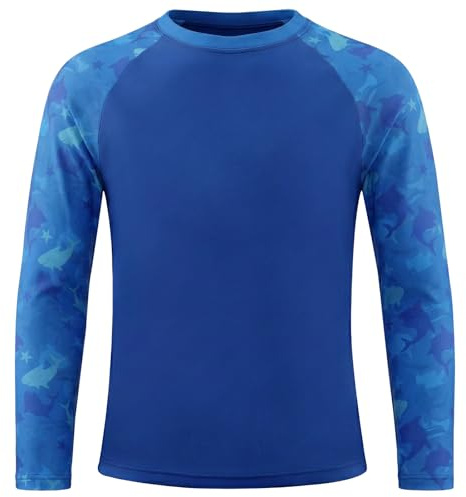Valcatch Kids UPF50+ Rash Vest Long Sleeve T Shirt, Ages 4-16 Years | UV sun protection guard, boys girls stretch quick-dry swim top for beach, pool, summer, spring, autumn, winter water sports
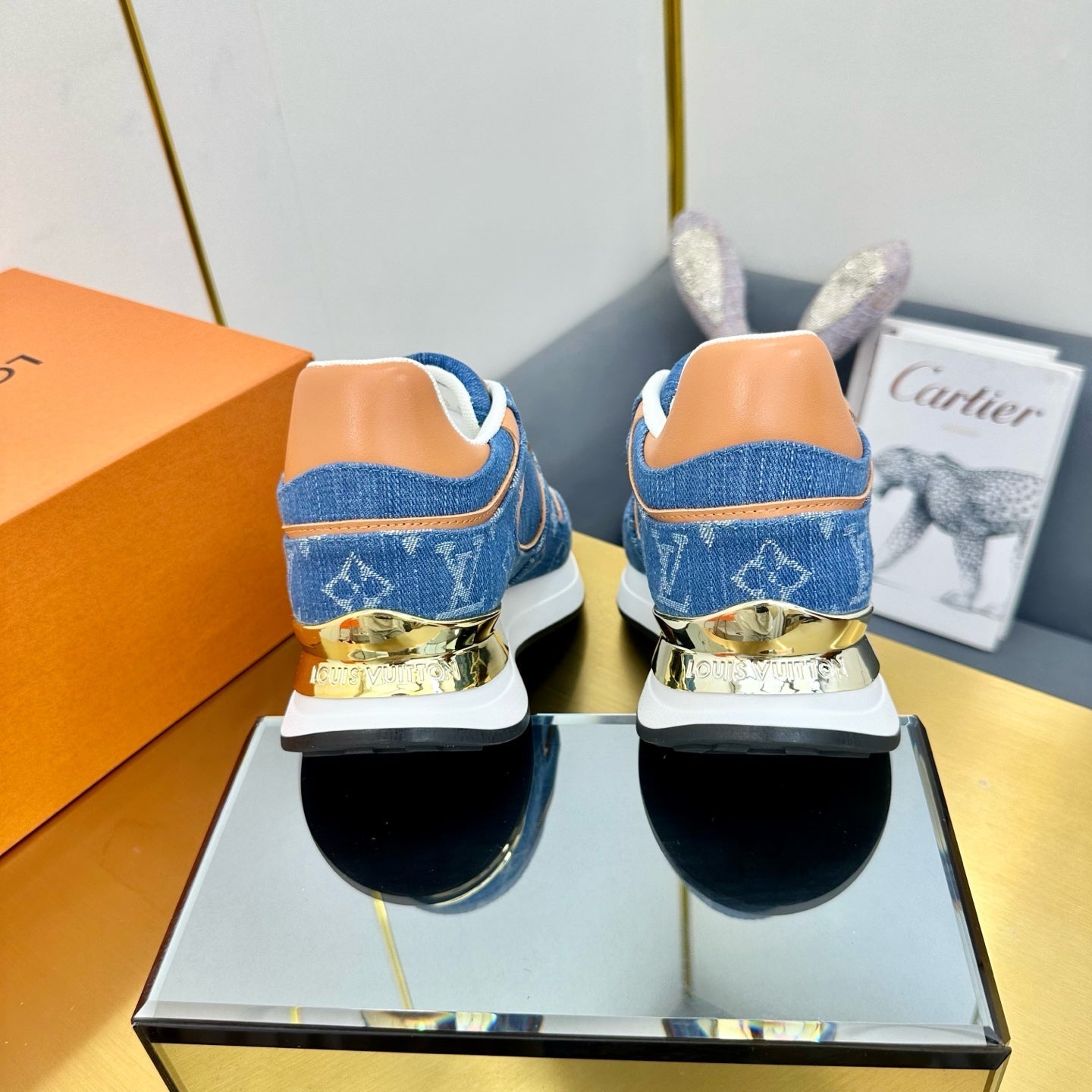 NEO RUN AWAY SNEAKER IN CLASSIC BLUE MONOGRAM DENIM AND ORANGE CALFSKIN、mysite、Cacoeks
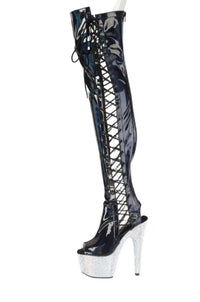 Pleaser  BEJEWELED-3052HG-7 Thigh Boot in Black Patent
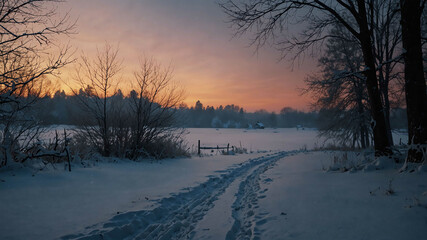 Canvas Print - Winter twilight in snowy landscape winter landscape background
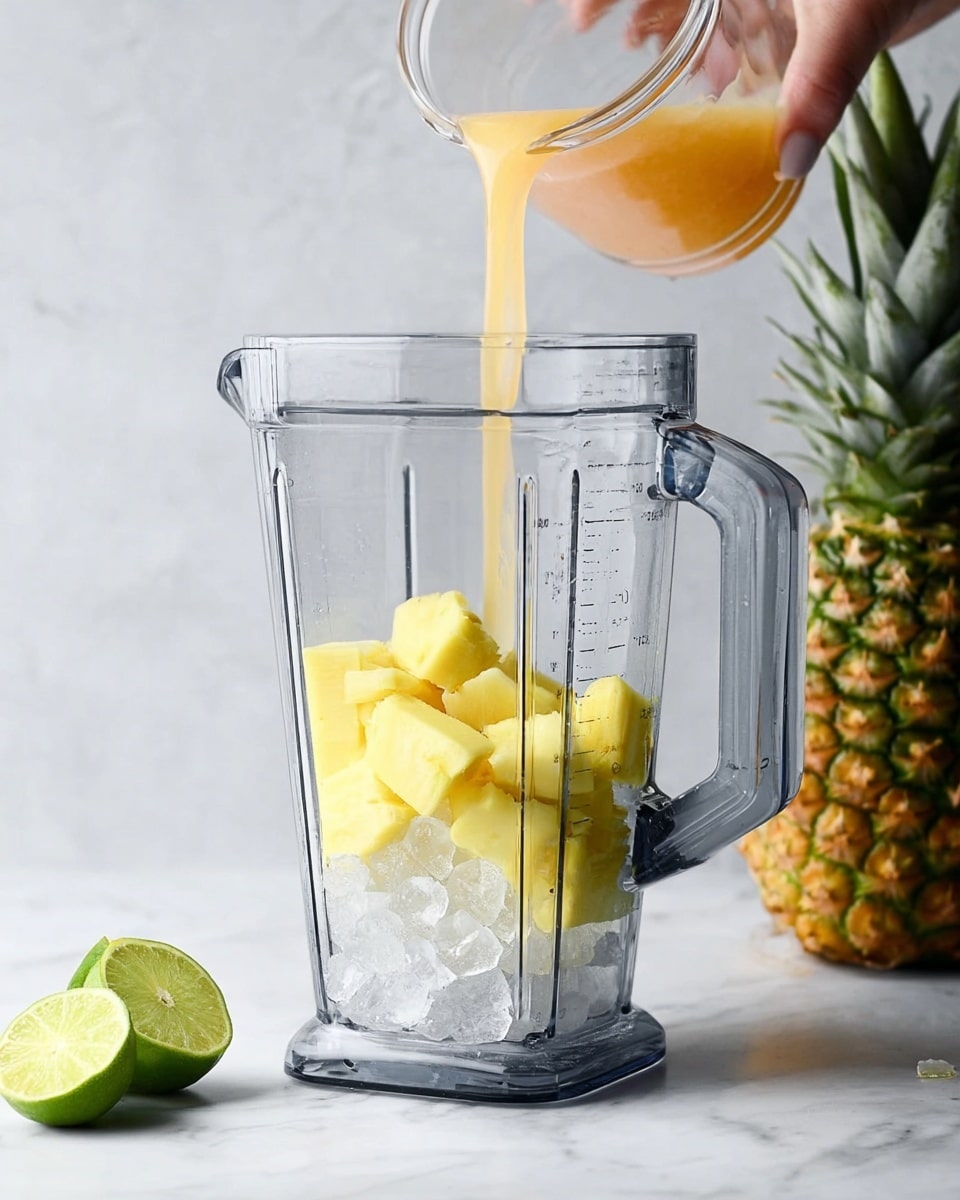 A clear blender container sits on a white marbled surface, filled at the bottom with small ice cubes, topped with a layer of yellow pineapple chunks, with a woman's hand pouring a light orange liquid into the blender from the right side. In the background, on the left side, there is a whole pineapple and a halved lime placed on the white marbled surface near the blender. The scene is brightly lit, showing clear textures on the pineapple pieces and the ice. Photo taken with an iphone --ar 4:5 --v 7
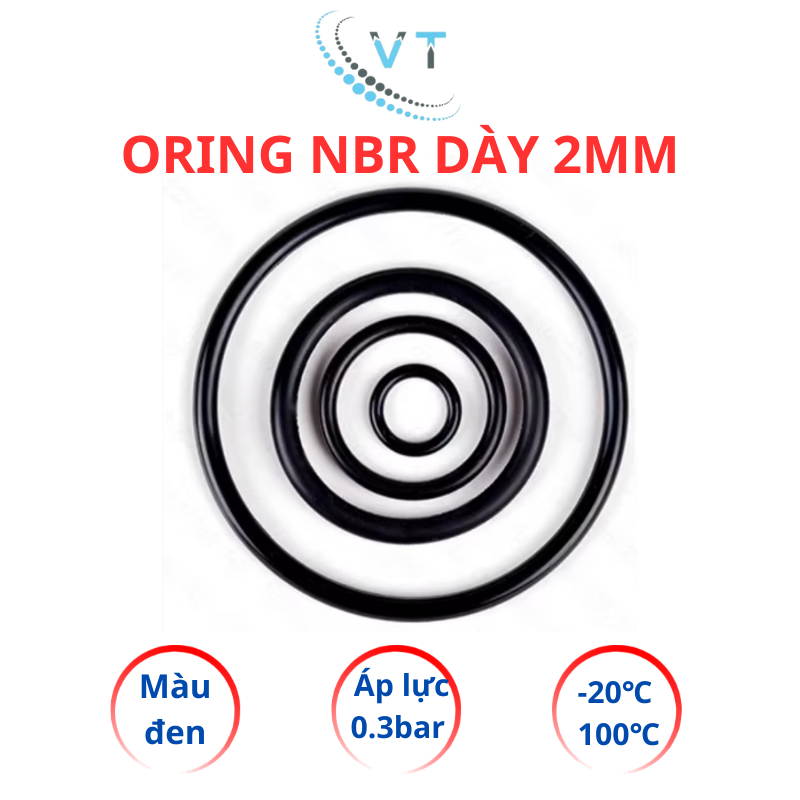 [Túi 20 Sợi] Gioăng Cao Su Oring NBR Dày 2mm - OD 5mm đến 20mm - Sim Cao Su Tròn Chịu Dầu, Chống Rò Rỉ Nước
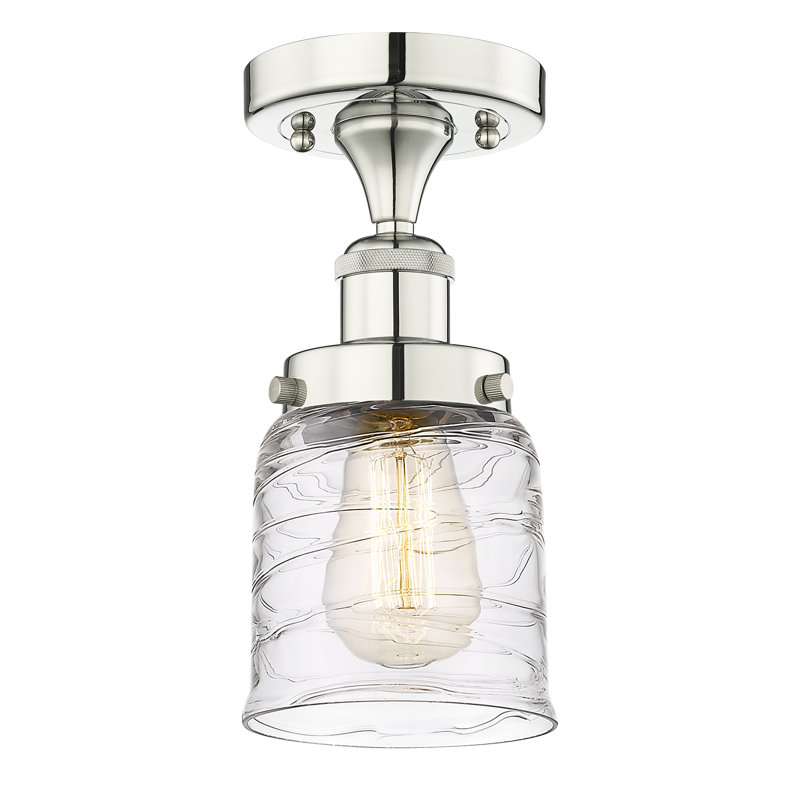 Ravishankar Glass Semi Flush Mount, Polished Nickel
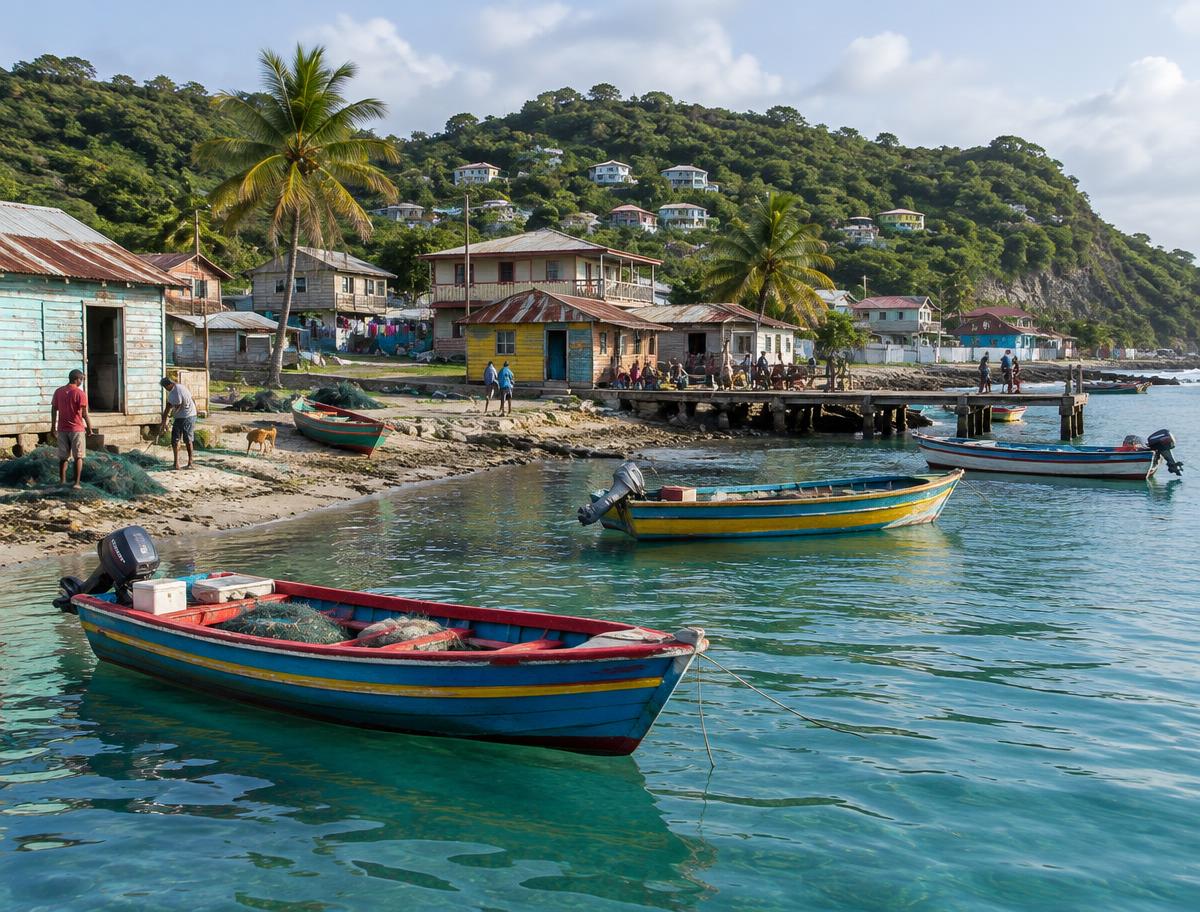 Fishing boats along a Caribbean shore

## Assignment:
With the images removed, give back every entry exactly as shown.

## Answer to the problem:
Valcatch Kids UPF50+ Rash Vest Long Sleeve T Shirt, Ages 4-16 Years | UV sun protection guard, boys girls stretch quick-dry swim top for beach, pool, summer, spring, autumn, winter water sports
 NEO RUN AWAY SNEAKER IN CLASSIC BLUE MONOGRAM DENIM AND ORANGE CALFSKIN、mysite、Cacoeks
 Pleaser  BEJEWELED-3052HG-7 Thigh Boot in Black Patent
 Canvas Print - Winter twilight in snowy landscape winter landscape background
 A clear blender container sits on a white marbled surface, filled at the bottom with small ice cubes, topped with a layer of yellow pineapple chunks, with a woman's hand pouring a light orange liquid into the blender from the right side. In the background, on the left side, there is a whole pineapple and a halved lime placed on the white marbled surface near the blender. The scene is brightly lit, showing clear textures on the pineapple pieces and the ice. Photo taken with an iphone --ar 4:5 --v 7
 [Túi 20 Sợi] Gioăng Cao Su Oring NBR Dày 2mm - OD 5mm đến 20mm - Sim Cao Su Tròn Chịu Dầu, Chống Rò Rỉ Nước
 Ravishankar Glass Semi Flush Mount, Polished Nickel
 Fishing boats along a Caribbean shore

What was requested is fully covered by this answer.